Back then we had weekly highlights programmes, which evolved slowly into limited live coverage, and the occasional pre-season exhibition game at Wembley. It doesn’t come close to today’s offering. A British fan today can watch four or five live games a week, so long as you have Sky, and go to three or four regular-season games in London every year. And if you pay for a full Game Pass subscription then you can watch any game live and all the others in full later.
The best indication of how far we have come was when fans complained that the league will play just three games in London in 2018, compared to the four in 2017. Even 10 years ago, it wouldn’t have made sense to complain about “only” three games. And 30 years ago the idea of the NFL playing any competitive games in London was unthinkable.
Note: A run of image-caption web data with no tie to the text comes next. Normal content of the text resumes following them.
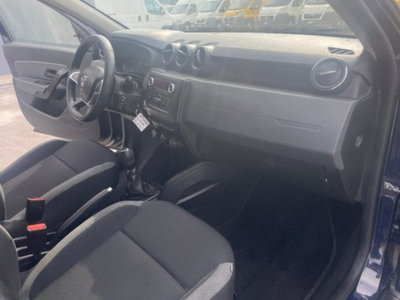 Dacia Duster 1.5 Blue dCi 8V 115 CV Prestige DaciaPlus (7)
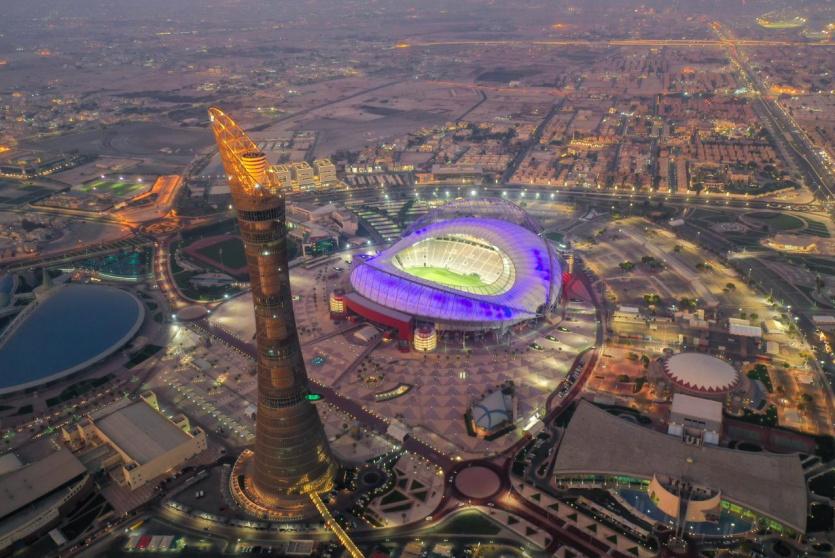 طرح تذاكر كأس آسيا قطر تحت 23 سنة بدءاً من 5 أبريل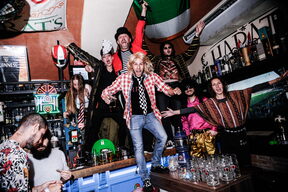 Najbolja atmosfera, pivo i nezaboravne uspomene – dobro došli u Harat's Pub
It’s been a longer journey than you might think. In Touchdown: UK, Nick Richards explains that the first recorded American football game in Britain was played in Kent in 1910 between the crews of two visiting US warships. By the 1950s, Britain’s American Air Force bases were competing against each other and their European counterparts in a league that culminated in the USAFE Football Championship final.
Wembley Stadium hosted the final in 1952. The first American football touchdown at Wembley, therefore, was scored by a Lancashire team, the RAF Burtonwood Bullets. (US Air Force bases retained the ‘RAF’ prefix, even though they were not actually Royal Air Force bases.) Despite scoring first, the Bullets lost to the Fursternfeldbrook Eagles, from a US base in Bavaria, Germany.
Richards does a great job of chronicling the rise of the sport through the 1960s and 1970s, often tracking down former servicemen who played for those teams and telling their stories and those of their comrades. Many had been talented college players and a few were on NFL teams.
The sport remained a niche for expats throughout this period but began to make an impression on Brits in the 1980s. Richards attributes the rise to two key factors. First, a new television channel, Channel 4, launched in 1982 and needed content. Its remit was to provide alternative entertainment, so American football – colourful, new and exciting – seemed a perfect fit.
Embed from Getty ImagesThe coverage prompted a British promoter to bring the Minnesota Vikings and St Louis Cardinals to Wembley in 1983 for an exhibition game. The game lost £400,000 but did manage to attract 37,000 fans.
Second, Richards points out that English football (soccer) was going through a bad patch. A broadcasting strike in 1984-85 meant there were no live games on television and Channel 4’s American football benefited. Worse, soccer was gaining a reputation for fan violence and, as the decade wore on, was marked by a series of tragedies, at Heysel Stadium, in Brussels, Belgium, at Valley Parade in Bradford and at Hillsborough in Sheffield. Soccer didn’t fully recover until after the 1990 World Cup.
Despite the financial failure of Wembley’s first NFL game, the sport’s popularity continued to rise, prompting the league to launch the American Bowl series with a 1986 pre-season game between the Chicago Bears, then Super Bowl champions, and the Dallas Cowboys. It was the first in a series of eight games in London that ended in 1993 with a 13-13 tie between the Cowboys and the Detroit Lions.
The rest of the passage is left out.